III. Un dernier mot sur M. de Talleyrand
Au dernier moment, M. de Chantelauze, avec qui M. Sainte-Beuve s’entretenait par lettres de tout sujet, mais surtout du cardinal de Retz, me laisse copier, dans une lettre de M. Sainte-Beuve, un passage qui est un premier mot de causerie sur Talleyrand. La préoccupation du maître était déjà tournée sur le personnage, et il m’a dit une fois que le sujet l’avait bien des fois tenté, sans qu’il eût jamais eu occasion d’écrire sur lui : « Mais il y a, ajoutait-il, un portrait à faire. » La lettre qu’on va lire, antérieure de près de deux ans à la publication des articles qui ont paru dans le Temps, me semble être le fruit et le résumé d’une opinion qui n’a pas changé :
« Ce 9 février 1867.
« Cher monsieur et ami,
« Je reçois et je lis cette seconde partie (d’un Mémoire sur le cardinal de Retz, inséré en appendice à la fin du tome V de l’édition définitive de Port-Royal), … Vous nous y faites voir, en effet. Retz bien misérable, et s’il a eu de l’amour-propre et du faste en public pendant sa période révolutionnaire, il le paye amplement par ces misères d’intérieur et ces petitesses qui nous sont révélées. Vous m’avez écrit dans le temps un mot qui me revient, que M. de Talleyrand ne serait qu’un enfant de chœur auprès de lui. Hélas ! M. de Talleyrand n’avait peut-être à son avantage de plus que Retz, qu’un grand sens, une vue plus juste des situations. Quant au fond, il était peut-être pire, certainement vénal et, de plus, malgré sa douceur apparente de mœurs et de ton, ayant si peu de scrupule pour les actes, qu’il y a trois points de sa vie qui font trois doutes presque terribles : la mort de Mirabeau, — l’affaire du duc d’Enghien, — l’affaire de Maubreuil. Je ne veux pas dire que deux ou trois doutes équivalent à une affirmation. Retz devait avoir un peu plus de générosité que lui… »

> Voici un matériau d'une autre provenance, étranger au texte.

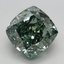 3.24 Ct. Fancy Intense Green Cushion Lab Grown Diamond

Et dans une autre lettre, très peu de temps après (23 février 1867), à M. de Chantelauze, M. Sainte-Beuve complétait ainsi son parallèle entre Talleyrand et Retz :
« … Vous avez mille fois raison sur M. de Talleyrand : Retz avait tout autrement d’essor, et auprès de lui le prince-évêque n’était qu’un paresseux, mais un paresseux qui a bien su prendre ses moments… »

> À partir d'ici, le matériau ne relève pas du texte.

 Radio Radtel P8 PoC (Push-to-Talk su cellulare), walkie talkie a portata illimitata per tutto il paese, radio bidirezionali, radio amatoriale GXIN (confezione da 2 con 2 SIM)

Chacun de ces traits nous a paru bon à recueillir à côté de la grande esquisse dont M. Sainte-Beuve disait lui-même qu’on ne peut encore aujourd’hui, et tant que les Mémoires de M. de Talleyrand n’auront pas été publiés, écrire un travail complet sur celui qui résume le mieux en lui, dans les temps modernes, tous les sens du mot grec Ὑποκριτής.